Commit Graph

11 Commits

Author SHA1 Message Date
Joe McDonnell
82bd087fb1 IMPALA-11973: Add absolute_import, division to all eligible Python files
This takes steps to make Python 2 behave like Python 3 as
a way to flush out issues with running on Python 3. Specifically,
it handles two main differences:
 1. Python 3 requires absolute imports within packages. This
    can be emulated via "from __future__ import absolute_import"
 2. Python 3 changed division to "true" division that doesn't
    round to an integer. This can be emulated via
    "from __future__ import division"

This changes all Python files to add imports for absolute_import
and division. For completeness, this also includes print_function in the
import.

I scrutinized each old-division location and converted some locations
to use the integer division '//' operator if it needed an integer
result (e.g. for indices, counts of records, etc). Some code was also using
relative imports and needed to be adjusted to handle absolute_import.
This fixes all Pylint warnings about no-absolute-import and old-division,
and these warnings are now banned.

Testing:
 - Ran core tests

Change-Id: Idb0fcbd11f3e8791f5951c4944be44fb580e576b
Reviewed-on: http://gerrit.cloudera.org:8080/19588
Reviewed-by: Joe McDonnell <joemcdonnell@cloudera.com>
Tested-by: Joe McDonnell <joemcdonnell@cloudera.com>
2023-03-09 17:17:57 +00:00
wzhou-code
6cdc8b5ce7 IMPALA-6788: Abort ExecFInstance() RPC loop early after query failure
Stops issuing ExecQueryFInstance rpcs and cancels any inflight when
backend reports failure.
Adds new debug action CONSTRUCT_QUERY_STATE_REPORT that runs when
constructing a query state report.
Adds a new test case for handling errors reported from query state.

Testing:
 - Ran following command for new test case and verified that the code
   working as expected:
     ./bin/impala-py.test tests/custom_cluster/test_rpc_exception.py\
       ::TestRPCException::test_state_report_error \
       --workload_exploration_strategy=functional-query:exhaustive
 - Passed exhaustive tests.

Change-Id: I034788f7720fc97c25c54f006ff72dce6cb199c3
Reviewed-on: http://gerrit.cloudera.org:8080/16192
Reviewed-by: Thomas Tauber-Marshall <tmarshall@cloudera.com>
Tested-by: Impala Public Jenkins <impala-public-jenkins@cloudera.com>
2020-07-21 02:43:56 +00:00
Thomas Tauber-Marshall
1e616774d4 IMPALA-8712: Make ExecQueryFInstances async
This patch refactors the ExecQueryFInstances rpc to be asychronous.
Previously, Impala would issue all the Exec()s, wait for all of them
to complete, and then check if any of them resulted in an error. We
now stop issuing Exec()s and cancel any that are still in flight as
soon as an error occurs.

It also performs some cleanup around the thread safety of
Coordinator::BackendState, including adding comments and DCHECKS.

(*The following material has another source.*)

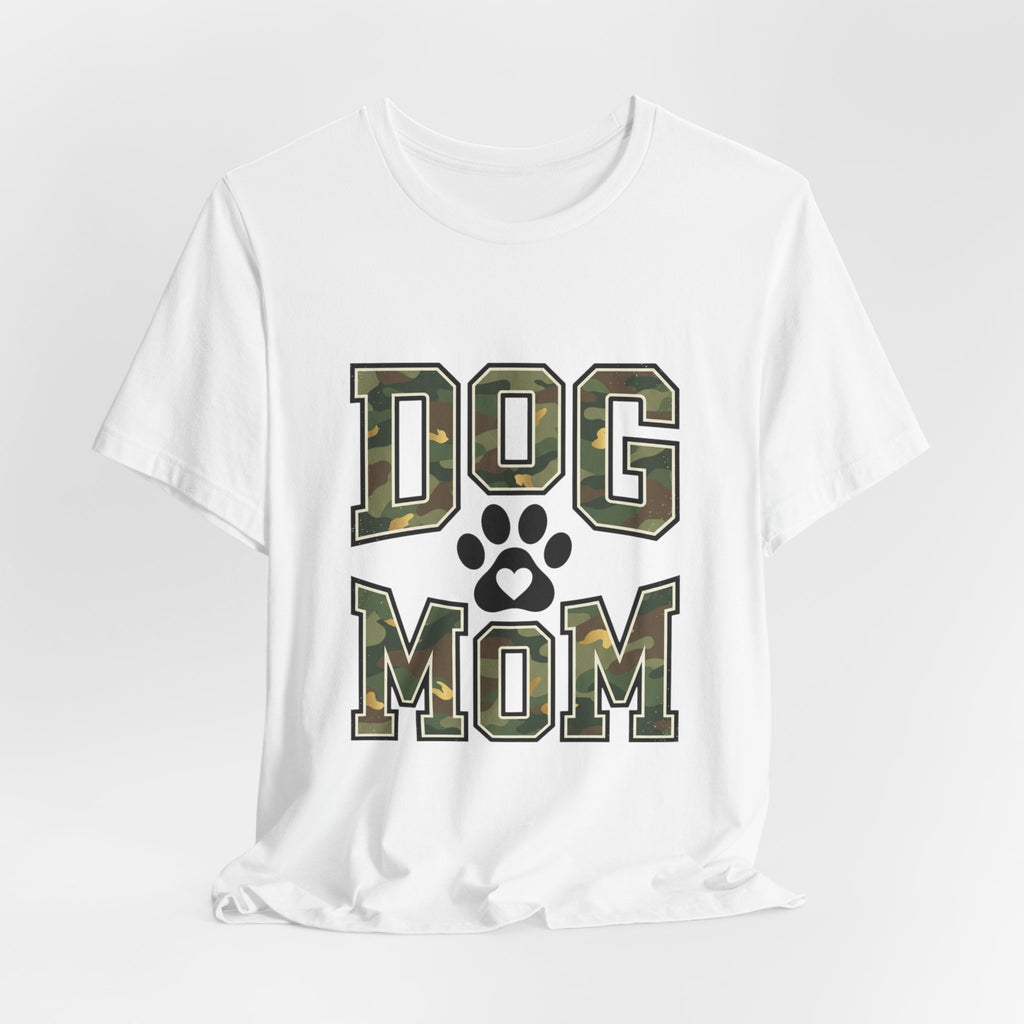 Dog Mom Camo Lettering T-Shirt | Paw Print Tee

=== Exec RPC Thread Pool ===
This patch also removes the 'exec_rpc_thread_pool_' from ExecEnv. This
thread pool was used to partially simulate async Exec() prior to the
switch to KRPC, which provides built-in async rpc capabilities.

Removing this thread pool has potential performance implications, as
it means that the Exec() parameters are serialized in serialize rather
than in parallel (with the level of parallelism determined by the size
of the thread pool, which was configurable by an Advanced flag and
defaulted to 12).

To ensure we don't regress query startup times, I did some performance
testing. All tests were done on a 10 node cluster. The baseline used
for the tests did not include IMPALA-9181, a perf optimization for
query startup done to facilitate this work.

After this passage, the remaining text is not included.